Discharged From Palliative Care, Australia's Medical Cannabis Poster Boy Is Still Struggling For Access

    "It's the same problems, again and again."

    Lindsay Carter, the first young Queenslander to be granted legal access to schedule 9 medicinal cannabis in 2016, was discharged from palliative care on Monday.

    Recently back from a trip to Canada, 19-year-old Carter's medical supply is running low and he faces the very real possibility of being without the drug that has managed to largely stop his daily seizures. The family has journeyed to Canada or the USA five times in the last four years.

    Palliative care workers told Lindsay and his mother, Lanai, that they could not prescribe medical cannabis to him outside of palliative care trials.

    Carter, who suffers from intractable epilepsy and a brain tumour, doesn't qualify for those trials as he has already been prescribed the drug in the past.

    Doctors in Queensland could prescribe Lindsay with a legal source (again), but this would take time and could result in a gap where Lindsay has no medication. He has already experienced a significant gap in supply due to this process once before.

    The products available to Lindsay through Australia's legal pathway are also not as concentrated as the products he used successfully overseas.

    On Monday, Carter's mother Lanai told BuzzFeed News this was just another handoff between public and private health care providers. She says the reality is there is a risk that Lindsay could die any day from a seizure or a brain bleed, or suffer permanent brain damage.

    The combination of oil and bud the Carters managed to find in Canada has served Lindsay reasonably well, greatly improving his wellbeing and reducing seizures – but that supply is already running out. Oil he was on in Washington State during a recent US trip controlled his seizures 100%, but he was unable to leave America with his oil due to the country's laws.

    Lanai Carter says Lindsay's current supply will last until the end of the week.

    Not that long ago Lindsay Carter was the poster boy of medical cannabis in Australia. He and a handful of others featured in international broadsheets and political doorstops, as politicians and reporters battled to gain the Carter family's confidence.

    Years later, and with state and federal governments implementing multiple versions of cannabis access pathways intended to hasten the flow of prescription, the Carters are stuck.

    "The system is a complete failure," said Lanai, who explained that a epileptologist overseas had told the Carters they could almost guarantee that not one of the 20 anti-epilepsy drugs on the market globally would control Lindsay's epilepsy. "This is our only option."

    Even if the Carters are able to navigate through Australia's legal medical cannabis scheme successfully Lanai says the family would not be able to afford her estimated cost of $46,507, the fee for a steady 12-month supply. Lindsay has already gone through five successful approval rounds in Australia, four for bud and one for oil.

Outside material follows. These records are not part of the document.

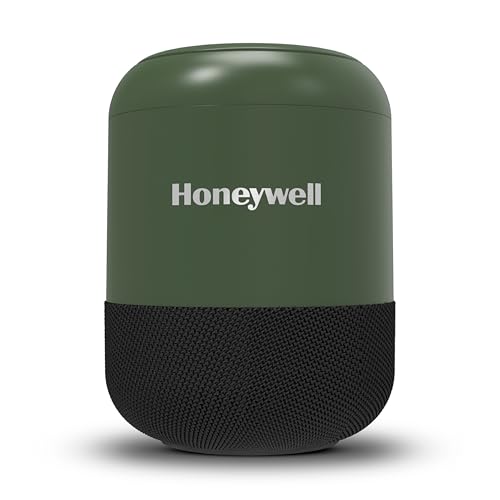 Honeywell Moxie V200 Wireless Bluetooth V5.3 Portable Speaker 5W, 12Hrs Playtime, Advanced 52mm Drivers, IPX4, Connect 2 Speakers with TWS Feature, Premium Stereo Sound, Multi Compatibility Mode : Amazon.in: Electronics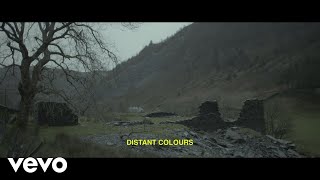 Manic Street Preachers  Distant Colours Official Lyric Video [upl. by Drofkcor]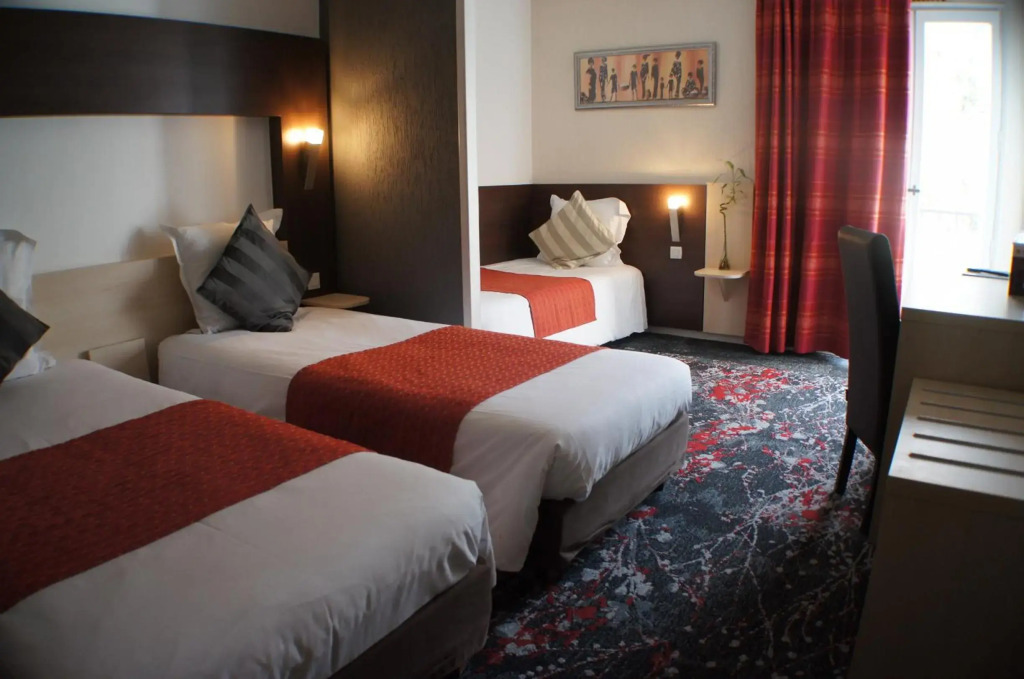 The Originals City, Hôtel La Siesta, Annonay Est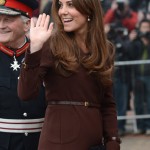 Kate Middleton's Baby Bump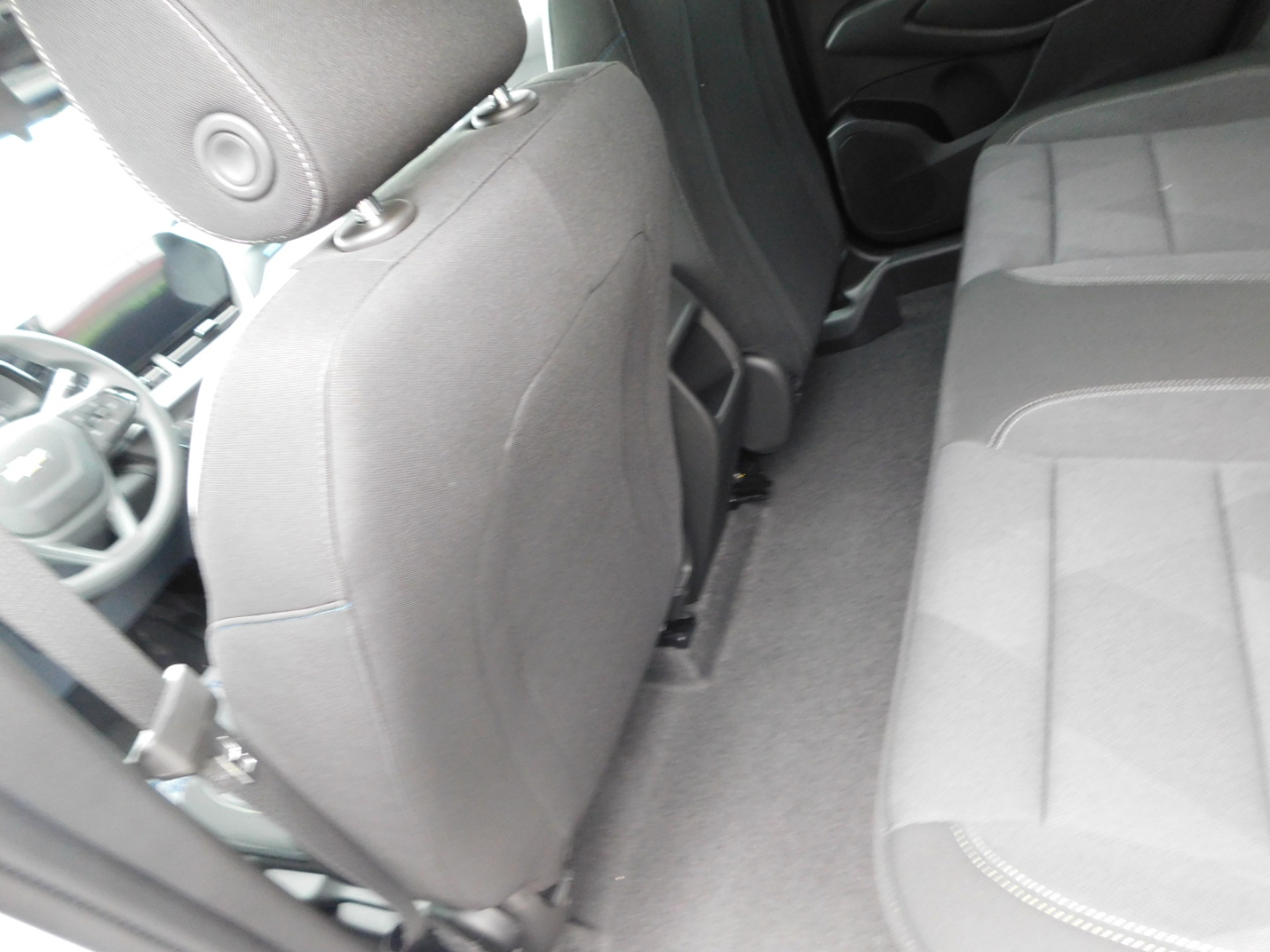 Chevrolet Trax FWD 4dr LS 2026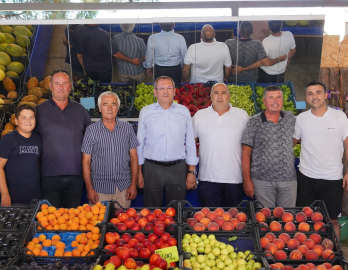 “Dayanışmayla Bir Arada Olmaya Devam Edeceğiz”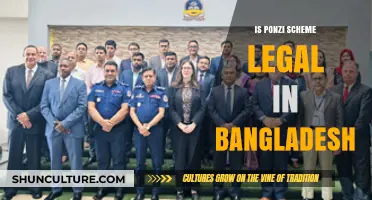 Ponzi Schemes in Bangladesh: Legal Status and Risks Explained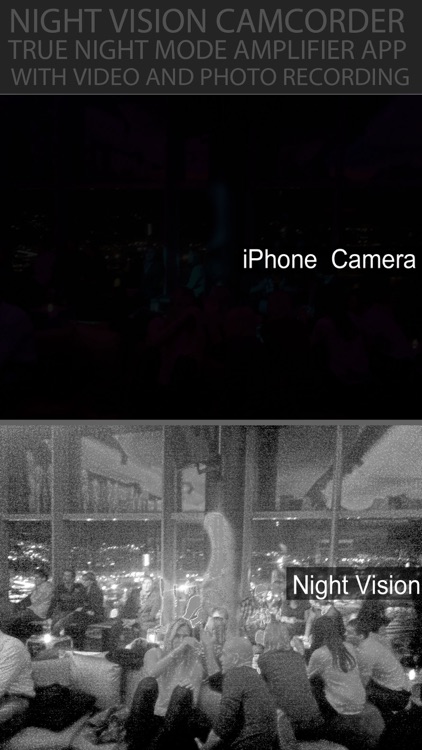 Night Vision Camcorder screenshot-3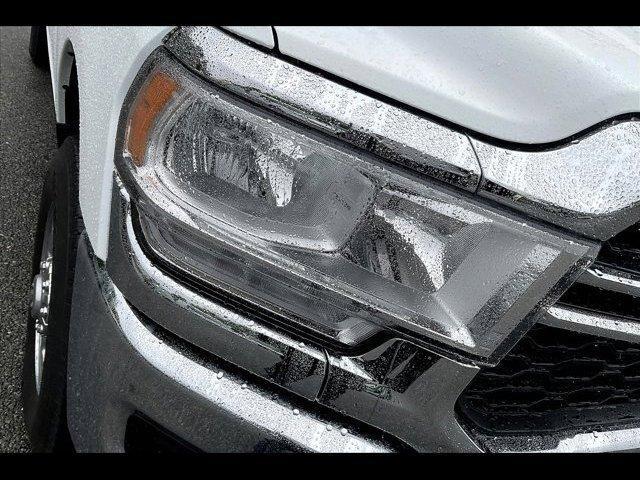 Photo of 2024 Bright White Clearcoat RAM 2500
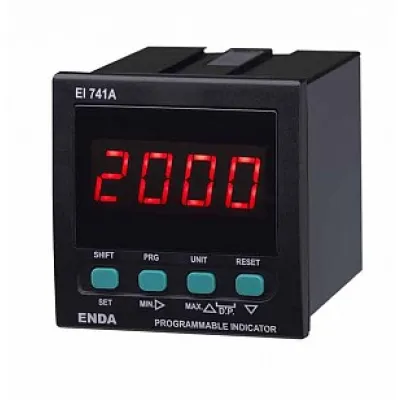 EI741A Dijital Gösterge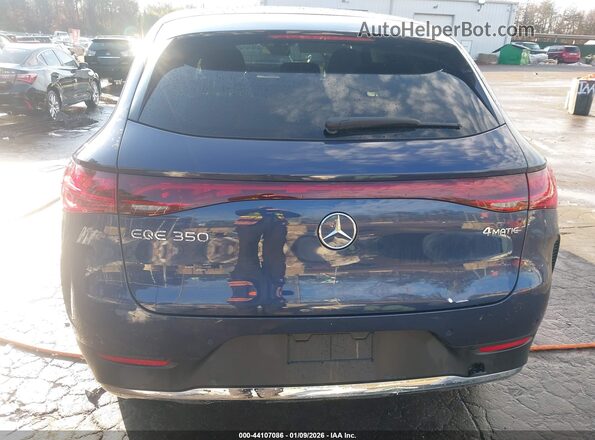 4JGGM1CBXPA017118 2023 MERCEDES-BENZ EQE 350 SUV Blue 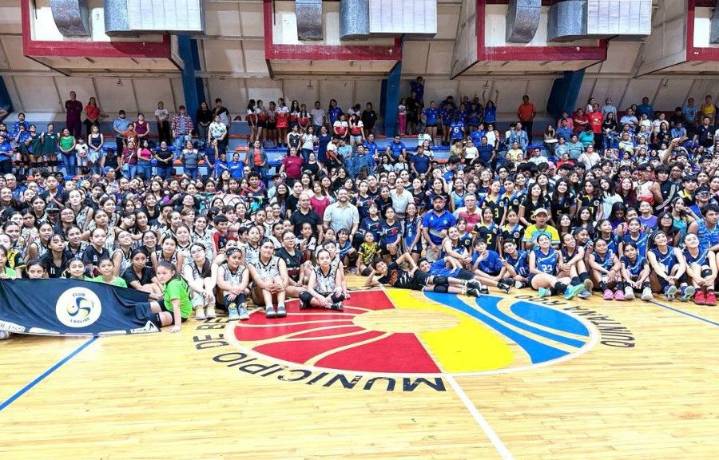 Cancún vibra con la tercera edición de la Copa Junior de Voleibol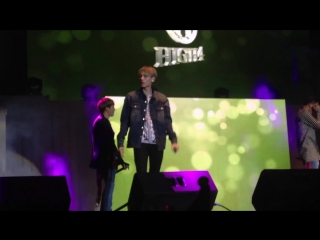 [fancam] 151231 high4 a little close @ show dc countdown to 2016 thailand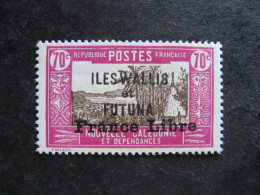 Wallis Et Futuna: TB  N° 110, Neuf Sans Gomme. - Ungebraucht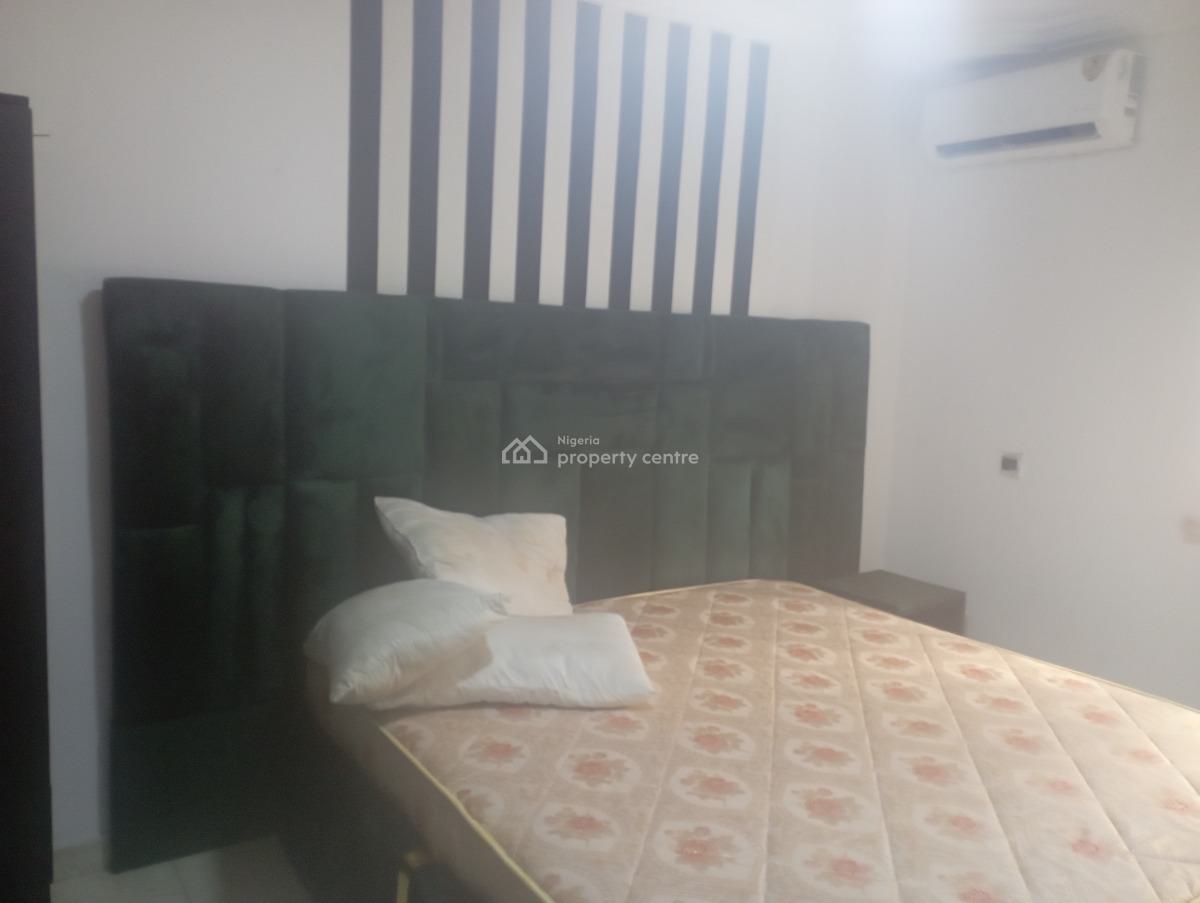 Cozy 2 Bedroom Serviced Apartment, Majek, Sangotedo, Ajah, Lagos, Flat / Apartment Short Let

    But the Carters aren't strangers to the bureaucratic roundabouts one has to navigate in order to access legal medical cannabis in Australia.

    There are doctors in Queensland who could continue to prescribe the drug for Lindsay but access via a specialist would drastically decrease waiting times resulting in less gaps in supply.

    In December Lanai outlined the lengthy process the family has gone through in the past, working through palliative care, neurology, GPs, and the TGA.

    Since then, federal health minister Greg Hunt has announced a "one-stop" national rollout scheme. Politicians from across the country agreed to the scheme in principal. It is currently working in NSW, Victoria, and Queensland.

    An online portal now means there is an easier pathway for applications – but not for approvals. It also doesn't deal with the issue of affordability.

    For the Carters, Lindsay's dismissal from palliative care is another hurdle that leaves the family with more questions than answers. Without legal access, the health risks for Lindsay are grave, and the black market of medical cannabis suppliers many Australians once relied on has been significantly hampered since police across the country conducted multiple raids on high-profile suppliers.

    "It's the same problems, again and again," said Lanai.

    "If we know the oils that can work for Lindsay we shouldn't settle for second best options. For us it's about our son having the best possible care.

    "Some may think we are perfectionists but there is nothing 'perfectionist' about trying to stop seizures fullstop and getting the best health outcomes for our child."